◆ Record excerpts:
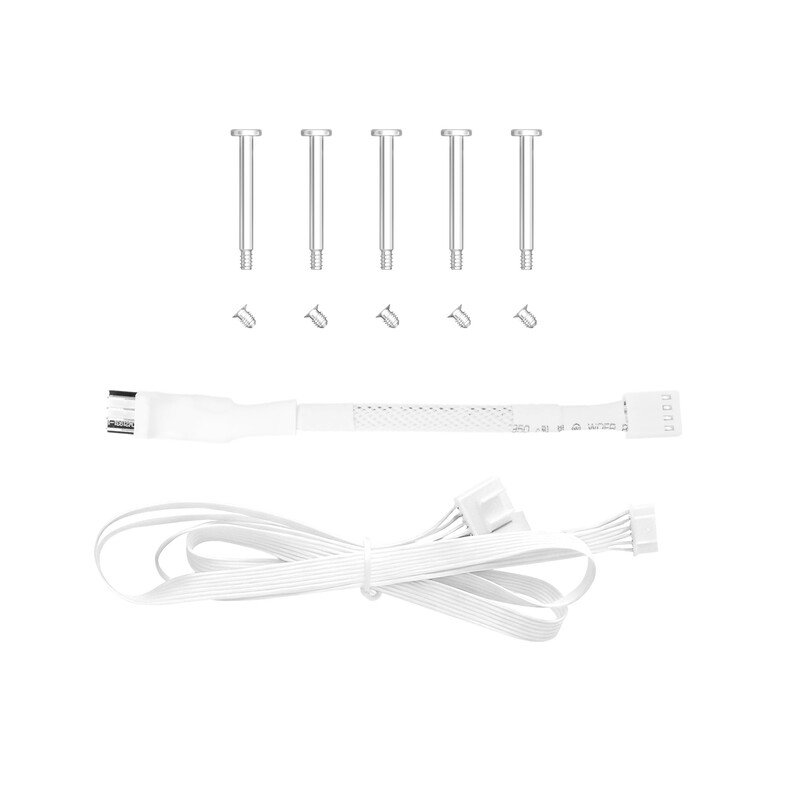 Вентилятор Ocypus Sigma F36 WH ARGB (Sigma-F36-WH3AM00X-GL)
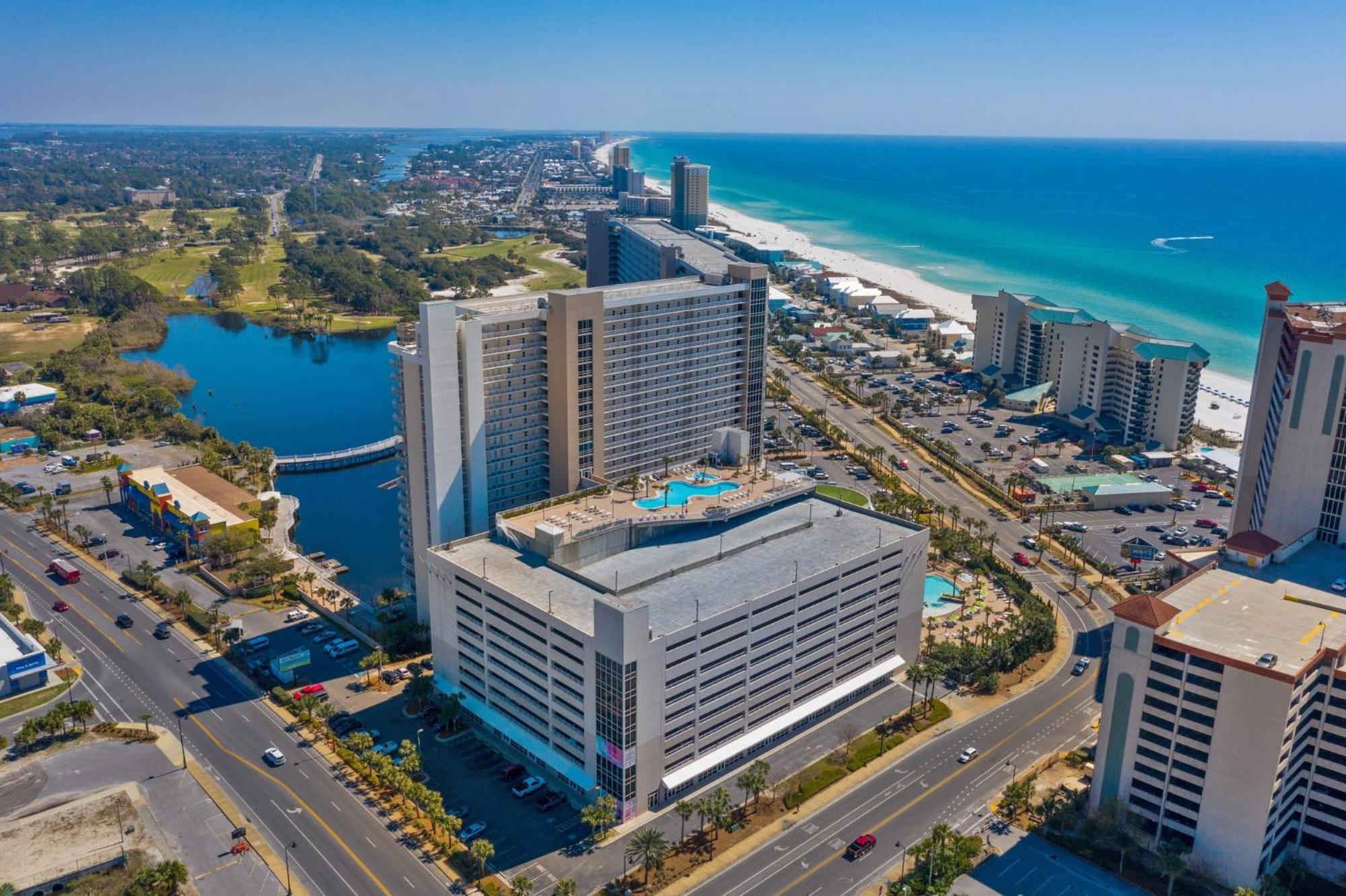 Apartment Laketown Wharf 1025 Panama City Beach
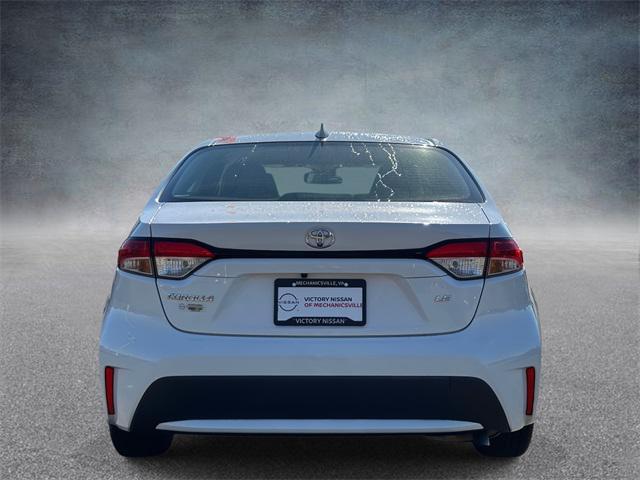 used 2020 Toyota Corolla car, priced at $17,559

--

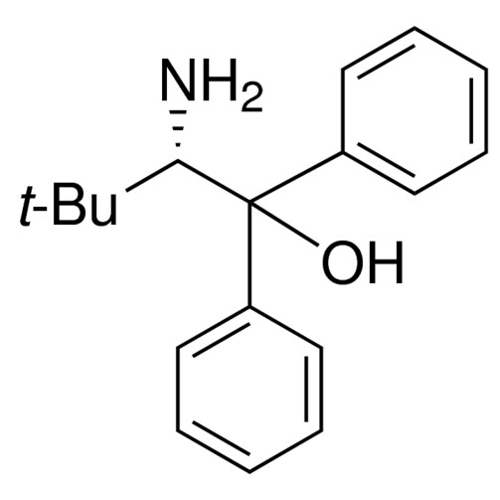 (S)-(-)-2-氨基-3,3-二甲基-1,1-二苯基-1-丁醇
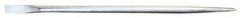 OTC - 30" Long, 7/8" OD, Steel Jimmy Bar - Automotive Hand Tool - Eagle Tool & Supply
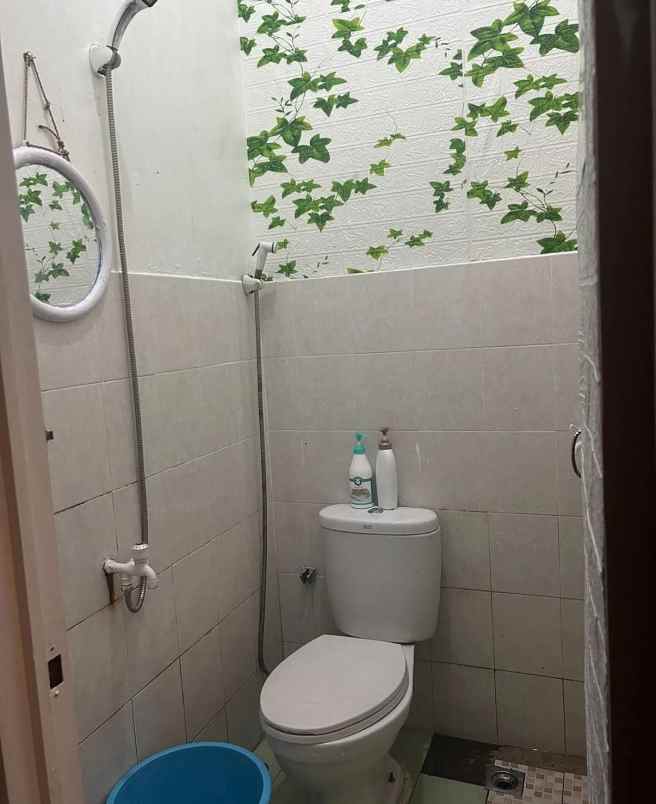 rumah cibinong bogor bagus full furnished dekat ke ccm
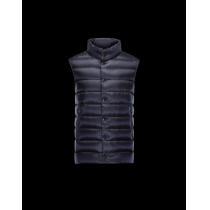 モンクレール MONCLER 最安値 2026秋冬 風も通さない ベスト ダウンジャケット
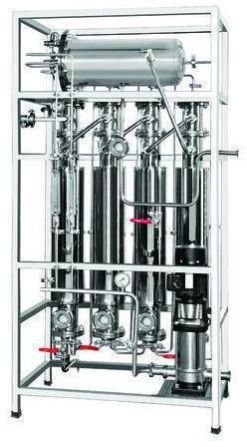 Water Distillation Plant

◆ Task prompt:
With the pictures left out, write out exactly the lines above from the one containing "(S)-(-)-2-氨基-3,3-二甲基-1,1-二苯基-1-丁醇" through the one containing "Water Distillation Plant".

◆ Task answer:
 (S)-(-)-2-氨基-3,3-二甲基-1,1-二苯基-1-丁醇
 OTC - 30" Long, 7/8" OD, Steel Jimmy Bar - Automotive Hand Tool - Eagle Tool & Supply
 rumah cibinong bogor bagus full furnished dekat ke ccm
 モンクレール MONCLER 最安値 2026秋冬 風も通さない ベスト ダウンジャケット
 Water Distillation Plant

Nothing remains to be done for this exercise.